The causes of the failure lie in these institution‟s susceptibility to and unreflective reproduction of vested interests and rationalizing ideologies. So, even though the conditions that engender speculative bubbles may be understood, critical institutions are resistant, even opposed, to inhibiting them. This paper identifies three institutions in particular whose failure is necessary for bubbles to have disastrous societal effect. These are the profession of academic economics, the ruling political discourse of the era, and receptive regulatory structures. The failure of these institutions calls their legitimacy into question. It also suggests that the solution to speculative bubbles lies in the difficult path of radical institutional change.
Interesting Excerpt (Via Abolafia @ Alberta.ca)

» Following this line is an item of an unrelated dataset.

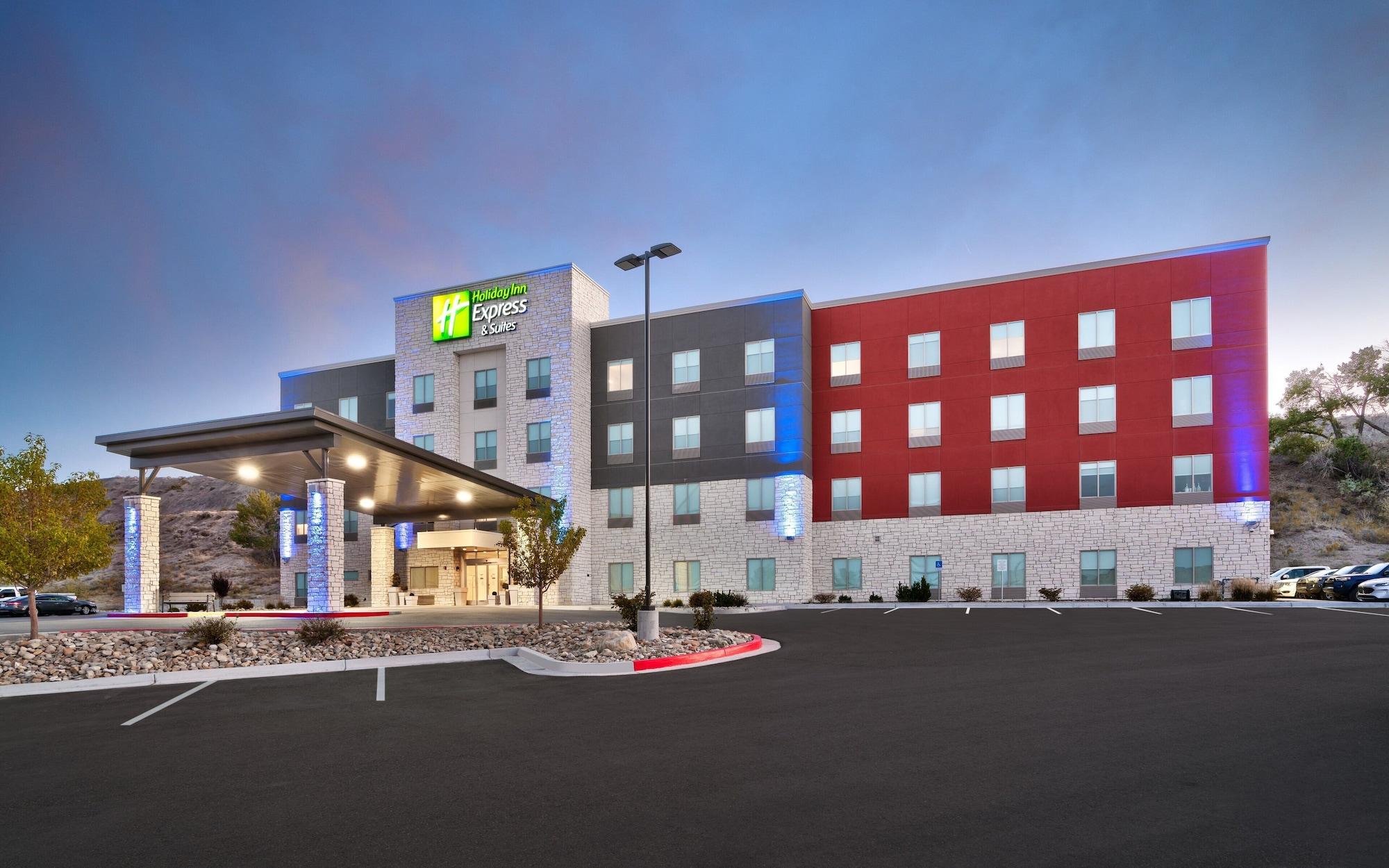 Vista Exterior Holiday Inn Express & Suites Price by IHG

In the end, I fear that despite the housing bubble of 2008, we have not seen the end of market fundamentalism in the U.S. It is too deeply embedded in the individualist culture and political rhetoric of America. The inertial strength of this discourse may be seen in the current political difficulties of the Obama administration in the areas of health, energy, and the environment. Institutional factors, as we know, don‟t change easily. Major changes in economic policy call for shifts in academic economics and regulatory practice supported by an institutional entrepreneur with consummate rhetorical skill and impeccable timing. At this point, radical institutional change does not seem probable.